Data BPS menunjukkan, penurunan jumlah pernikahan merata di hampir seluruh provinsi. Jawa Barat, Jawa Timur, dan Jawa Tengah masih menjadi penyumbang terbesar pernikahan nasional, sementara Papua Pegunungan mencatat angka terendah. Bahkan, jika dibandingkan dengan 2023 yang mencapai 1,57 juta pernikahan, jumlah pernikahan pada 2024 turun lagi 6,27%.

Pergeseran ini juga mempengaruhi usia menikah. BKKBN mencatat rata-rata usia perempuan menikah naik dari 20 tahun satu dekade lalu menjadi 22,3 tahun pada 2024. 

Usia menikah yang makin tua ikut menekan angka pernikahan tahunan, meski dianggap berdampak positif dalam menekan pernikahan dini yang berisiko stunting. 
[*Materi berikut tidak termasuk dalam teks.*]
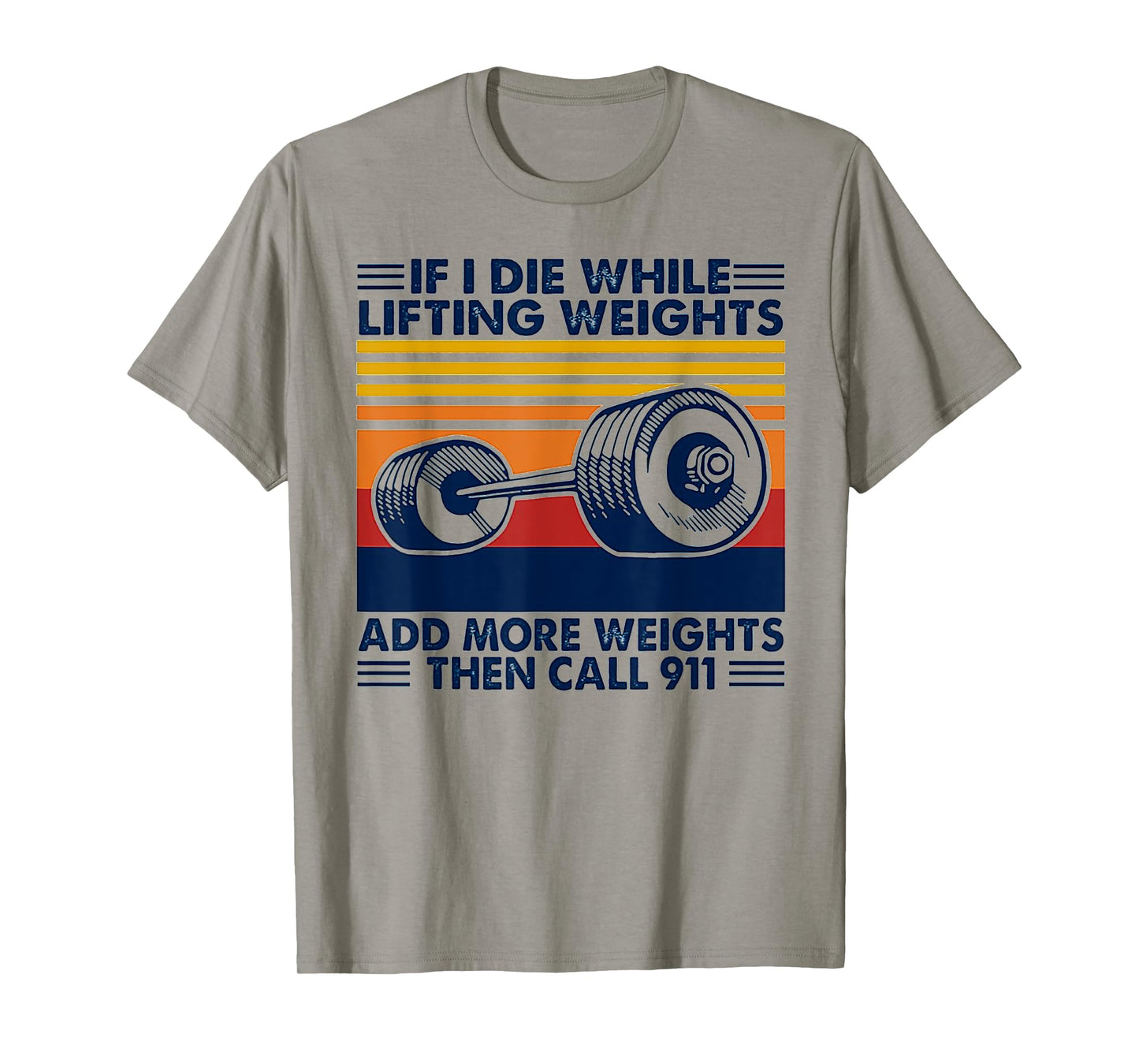 If I Die While Lifting Weights Add More Weights Call 911 T-Shirt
“Kesiapan menikah dan hamil menjadi penting, tapi jika tren ini terus berlanjut, kita bisa menghadapi tantangan bonus demografi yang terganggu dan penurunan fertilitas dalam jangka panjang,” kata Kepala BKKBN.

Dampak penurunan pernikahan ini diperkirakan meluas pada struktur demografi Indonesia. Dengan laju fertilitas yang ikut menurun, para ekonom demografi mengingatkan risiko berkurangnya proporsi usia produktif di masa depan. 

Meski belum separah Jepang atau Korea Selatan, tren ini menjadi alarm bagi pemerintah agar menjaga keseimbangan populasi produktif.

Sejumlah pihak mendorong langkah konkret, dari insentif finansial bagi pasangan muda, program literasi keuangan dan perencanaan keluarga, hingga kampanye sosial yang lebih dekat dengan gaya hidup generasi Z. Tanpa langkah strategis, Indonesia bisa menghadapi lonjakan populasi menua lebih cepat, sementara angkatan kerja menyusut.

Tren pernikahan yang merosot tajam ini menunjukkan bahwa generasi muda Indonesia kini memiliki prioritas dan tantangan yang berbeda dibanding dekade sebelumnya. 

Pertanyaan besarnya, apakah tren ini hanya transisi sementara menuju pernikahan yang lebih matang dan terencana, atau akan menjadi pola jangka panjang yang mengubah wajah demografi Indonesia ke depan?